BEGIN Information given

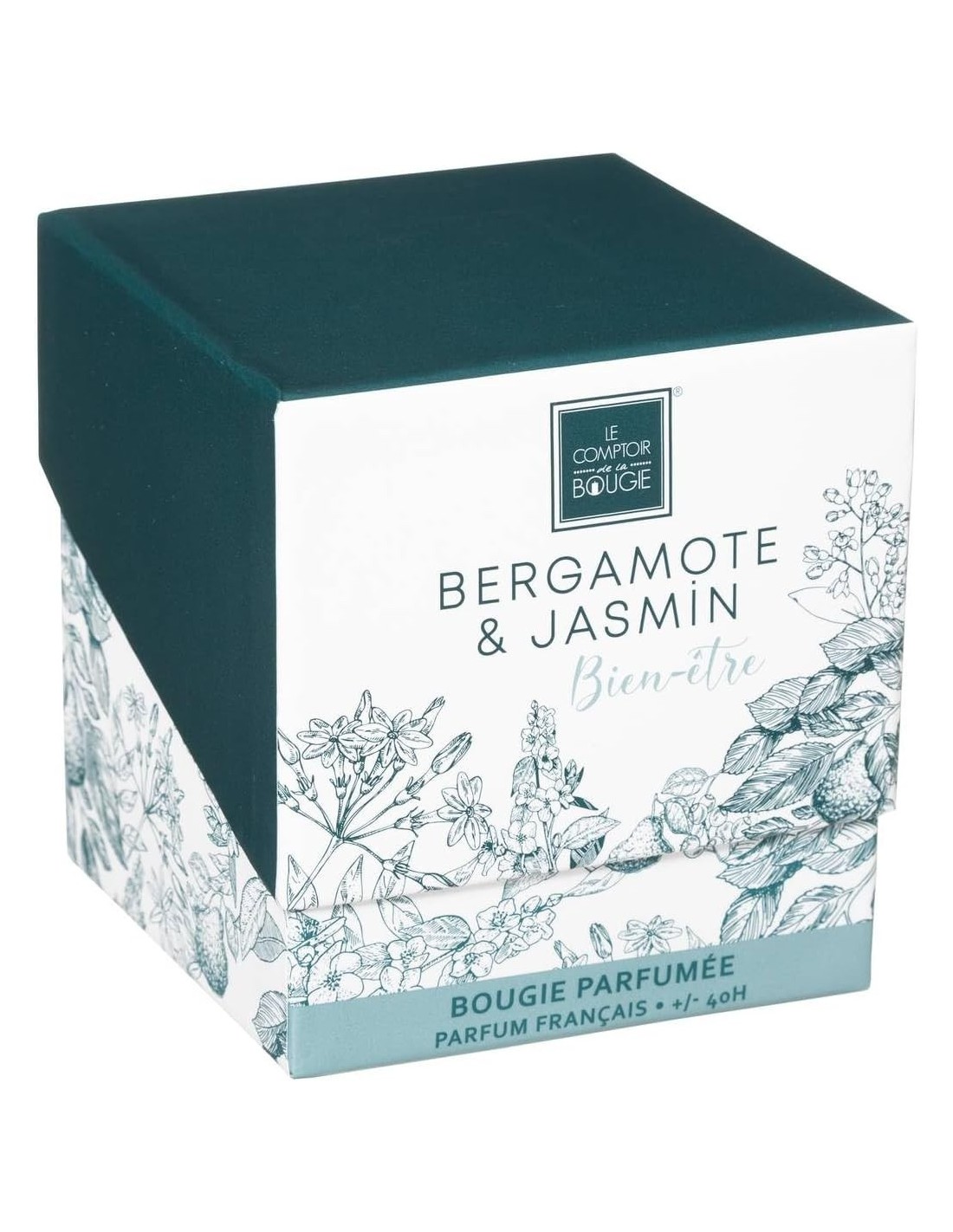 Candela profumata Mael 190 g Jasmine al Gelsomino Atmosphera | shopincasa.it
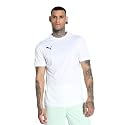Puma Men's teamLIGA Football Jersey | Lightweight and Sweat Proof Polyester Sports Crew Neck Training T-Shirt for Men | Breathable Athletic T-Shirt for Football &amp; Sports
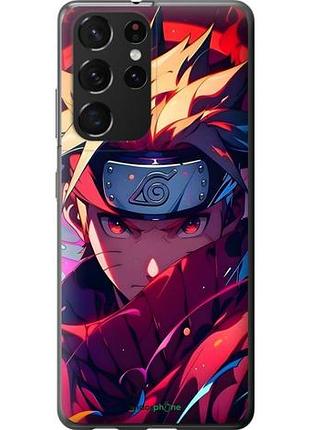 Чехол на samsung galaxy s21 ultra (5g) наруто naruto самсунг с21 ультра (5г)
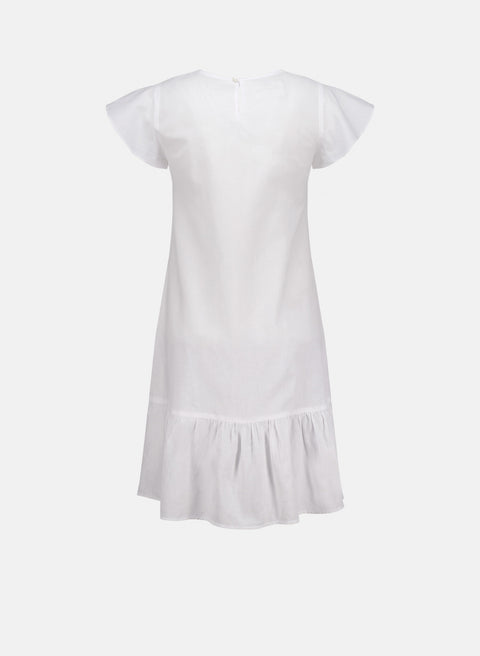 Vestido corto Lino Algodón Ana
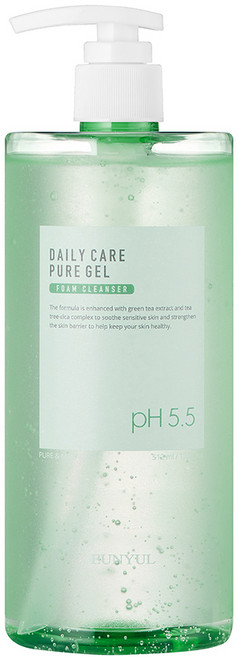 은율 데일리 케어 퓨어 젤 폼클렌저, 512ml, 1개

END Information given

Exercise aim: Starting at the line with "Чехол на samsung", transcribe the listing above exactly through its last line. No picture belongs in the transcription.

Your response:
 Чехол на samsung galaxy s21 ultra (5g) наруто naruto самсунг с21 ультра (5г)
 Vestido corto Lino Algodón Ana
 은율 데일리 케어 퓨어 젤 폼클렌저, 512ml, 1개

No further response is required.